# What RPG/D&D class is your Sona?



## Infrarednexus (Aug 18, 2019)

I often wondered this when looking at people's sonas on the forums and fandom in general. There are many classes to choose from in D&D and while you may have played the game yourself as a preferred class, what class would your fursona choose in this world of adventure, monsters, and magic?

Character class (Dungeons & Dragons) - Wikipedia



Barbarian
Bard
Cleric
Druid
Fighter
Monk
Paladin
Ranger
Rogue
Sorcerer 
Warlock
Wizard


My sona, Nexus, would most likely a Paladin.

.... "Paladin is thus typically a Warrior character first and foremost, proficient with heavy arms and armor. Yet at the same time a Paladin is gifted with blessings or magical capabilities such as healing, protection, and countering evil magic (including undead), albeit to a lesser degree than a true priest or cleric. Their outlook would typically be that of a militant defender of faith, sometimes crossing over into cleric, missionary, zealot, or inquisitor territory. Their alignment is almost always lawful good"

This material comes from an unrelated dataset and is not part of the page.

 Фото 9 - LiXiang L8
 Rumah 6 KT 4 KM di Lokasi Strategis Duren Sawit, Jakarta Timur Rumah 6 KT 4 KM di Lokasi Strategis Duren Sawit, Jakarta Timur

I'd love to hear everyone else's class for their sonas. I might set up an RPG game just for this if we get enough respondents in the thread.

Not only that, but feel free to discuss your sona's perks, abilities, spells, and weaknesses.


----------



## ConorHyena (Aug 18, 2019)

I've not played D&D but from the quick class summaries Wikipedia provides, my 'sona would be a Ranger. It fits his lore of being someone who's proficient at handling high-powered rifles.

Plus he's a sneaky boyo.


----------



## Firuthi Dragovic (Aug 18, 2019)

Two possibilities for Firuthi:
1) A wizard - justified by his technical expertise (high Intelligence needed), low-end elemental magic, and overexplaining tendencies (seriously, how many wizards tend to dump Charisma?).
2) A cleric - better equipment proficiencies, they get spells that better represent the whole 'war form' thing, and better overall durability.


----------



## Le Chat Nécro (Aug 18, 2019)

Necromancer, duh. ;p


----------



## Larch (Aug 18, 2019)

Ranger since mine loves to be in natures and enjoys hunting a lot.


----------



## Peach's (Aug 19, 2019)

Cleric, nature


----------



## ash♤Feliz (Aug 19, 2019)

A collage of glamour, bard. Because this bird is fabulous.


----------



## Tyno (Aug 19, 2019)

Arcane trickster 
I could use the mighty spell...
*Prestidigitation *to ruin your socks and underwear.
Plus I always like extra stuff besides tools to use.


----------



## Skychickens (Aug 19, 2019)

If you dont count Necromancer as it’s own thing, some systems count it under cleric some under wizard/sorcerer. So it depends really.


----------



## Marius Merganser (Aug 19, 2019)

Definitely a Druid


----------



## Universe (Aug 19, 2019)

I’m cleric


----------



## Kinare (Aug 20, 2019)

I don't think any of them matches perfectly, but paladin with ancient oath seems closest. My sona's species is more of a battlemage who is not afraid to brawl with strong spirit powers (which could translate into other worlds as powers of light).


----------



## Jackpot Raccuki (Aug 20, 2019)

I want to say Wizard because Like is the kind of guy who'd observe the enemy for weak points and go for it, but he's also like a Sorcerer in that he's flexible.
Also like it says in the Sorcerer 3rd edition handbook about what Sorcerers think of Wizards, Like is pretty much distant, but not obsessive.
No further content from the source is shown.